Still, fundamentally two items do stand out. One, the company has guided Wall Street to capex expectations of $2.4 billion for 2018. The corporation has seen the numbers improve at remodeled locations. Two, the firm continues to expand the rollout of fresh beef in place of the frozen variety nationwide. Have you tried one of these new burgers? Mmm. Trust this guy, a McDonald's hamburger is now much, much tastier than you think. (My opinion, I have a hunch that I will sell these shares above $170.)
4) Apple Inc. (AAPL) . Yeah, I know Apple hired John Giannandrea to put a fire under their artificial intelligence program. I can talk on end about the firm's eco-system, and how that is the one factor that can both corral its clients even if they are inclined to break away, and provide in the end a continuous revenue stream.
None of that is why I added.
I like the way that CEO Tim Cook differentiated Apple last week, not only from Facebook, Inc. (FB) , but from all of the internet stocks that collect the data of their customers. Wall Street knocked Cook for knocking a fellow CEO. Baloney. He put a flag in the ground, and said "Not us." I think the man showed leadership last week.
The Plight of Facebook
Yep, I'm the guy that wrote the article "Don't Buy Facebook's Stock on a Dip Here" published on March 19. The article, based really on instinct at the time, laid out why the stock would fall further. I also discussed three lines of potential rising support. It was close to that third and final line where the stock has finally found some help. So, is Facebook safe yet?
Safe? No. Has it bottomed? That's another question. As far as FANGs go, the stock is fundamentally cheap. Might the underlying fundamentals remain intact? They could. None of my friends have left the service. Then again, I am in my mid-50s. My sons and one of my closest co-workers are all in their twenties. None of them use Facebook, or even express an interest in ever using the forum. In fact, they kind of laugh at the idea.
CEO Mark Zuckerberg has finally agreed to appear before Congress to address the recent data privacy scandals. I guess he has to after embarrassing himself by avoiding appearing before the U.K. Parliament. A reputation is a terrible thing to waste.
Morgan Stanley and Deutsche Bank have both cut price targets for Facebook in recent days. Why? Simple. If Facebook is to terminate any relationships with third-party data providers, then the firm will realize less revenue. If advertisers take offense or feel that their own customers will take offense at what has transpired, then, again, this means less revenue.

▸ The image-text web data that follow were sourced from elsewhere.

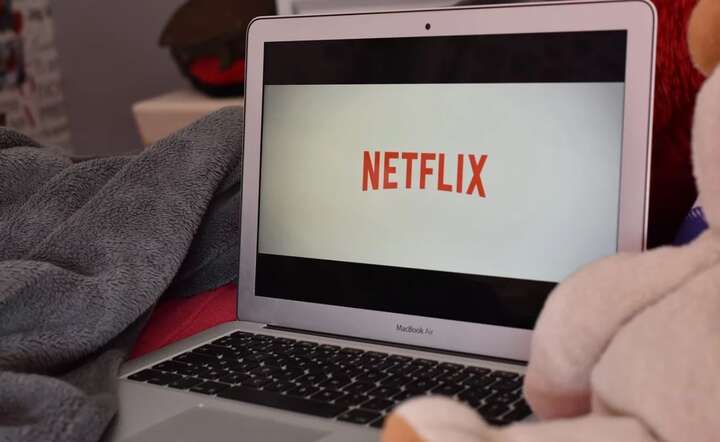 Netflix / autor: Pixabay.com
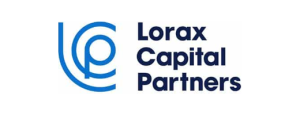 Lorax Capital Partners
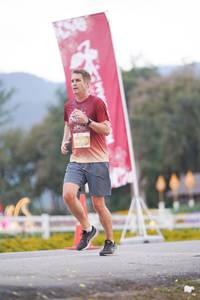 BIB: 
                            <button type="button" onclick="openModal(27887230)" class="btn btn-primary btn-sm float-right btn-popup" data-toggle="modal" data-target=".modal-high-quality">
                        <i class="fas fa-shopping-cart"></i> Add to Cart
                    </button>
                                            <button type="button" onclick="isThisMe(27887230, true)" class="btn btn-success btn-sm float-right btn-popup btn-isme hidden" data-toggle="tooltip" data-placement="bottom" title="นี่คือรูปของคุณใช่ไหม คลิกที่นี่เพื่อเอาเข้าอัลบั้ม">
                        <i class="fas fa-plus"></i> Add to album
                    </button>
                    <button type="button" onclick="isThisMe(27887230, false)" class="btn btn-warning btn-sm float-right btn-popup btn-isnotme hidden">
                        <i class="fas fa-ban"></i> Remove from album
                    </button>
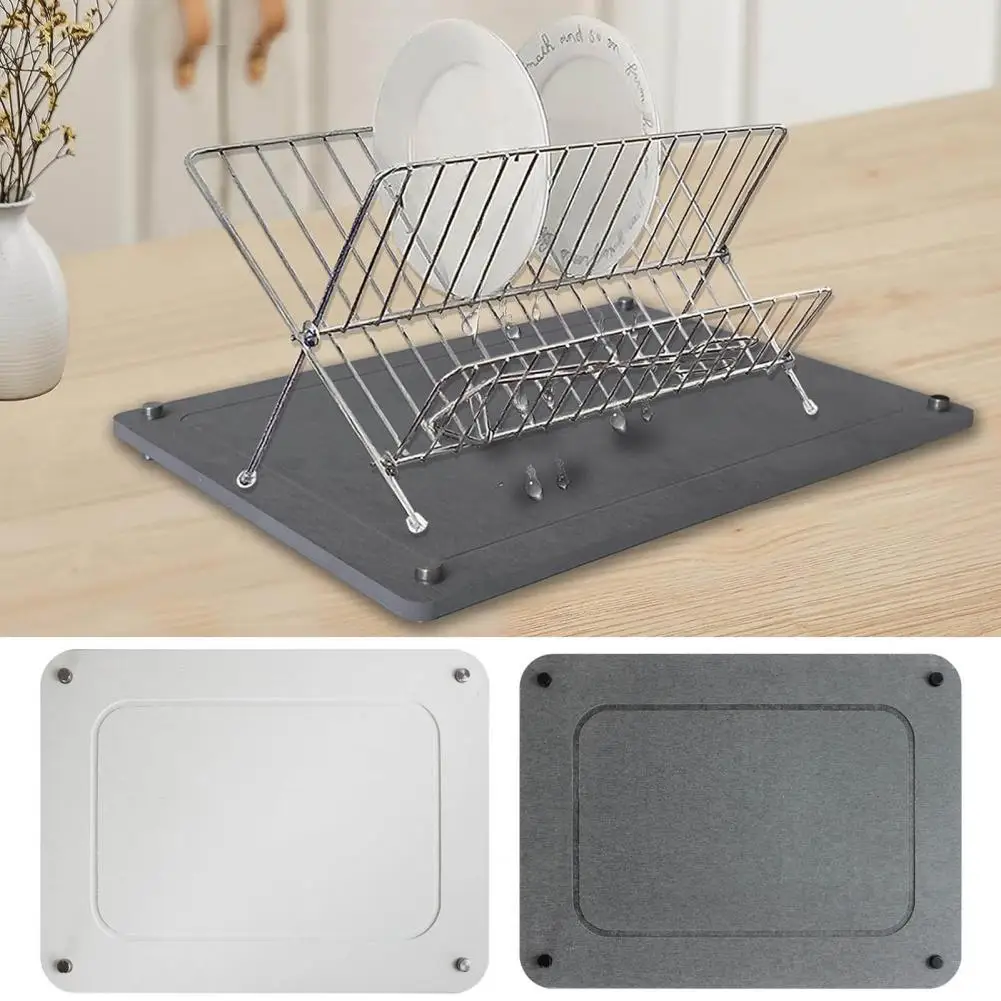 https://ae01.alicdn.com/kf/S4573d16665bb494ab1039af3d6fe9f8cm/Upgraded-Stone-Dish-Drying-Mat-Super-Absorbent-Diatomite-Dish-Drying-Mat-for-Kitchen-Counter-Quick-drying.jpg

Bottom line: You will likely see this week's rebound continue Thursday morning. This is both technical, and tradeable. I am not saying the stock is completely toxic. Is the name investable? Not for me.
Headline risk will increase as Zuckerberg's date with Congress approaches. He will be well coached, and will likely (has to) outperform himself to this point. The fact is that the door could swing either way coming out of that event.

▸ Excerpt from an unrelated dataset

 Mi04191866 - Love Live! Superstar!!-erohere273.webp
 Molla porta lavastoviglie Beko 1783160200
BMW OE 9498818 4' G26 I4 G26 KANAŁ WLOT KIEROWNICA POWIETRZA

Oh, the kid may want to try wearing a tie. As for my money, I'll invest elsewhere.
Economics (All Times Eastern)
08:30 - Balance of Trade (February): Expecting $-56.5B, Last $-56.6B.
08:30 - Initial Jobless Claims (Weekly): Expecting 224K, Last 215K.
10:30 - Natural Gas Inventories (Weekly): Expecting -27B cf, Last -63B cf.
13:00 - Fed Speaker: Atlanta Fed Pres. Raphael Bostic.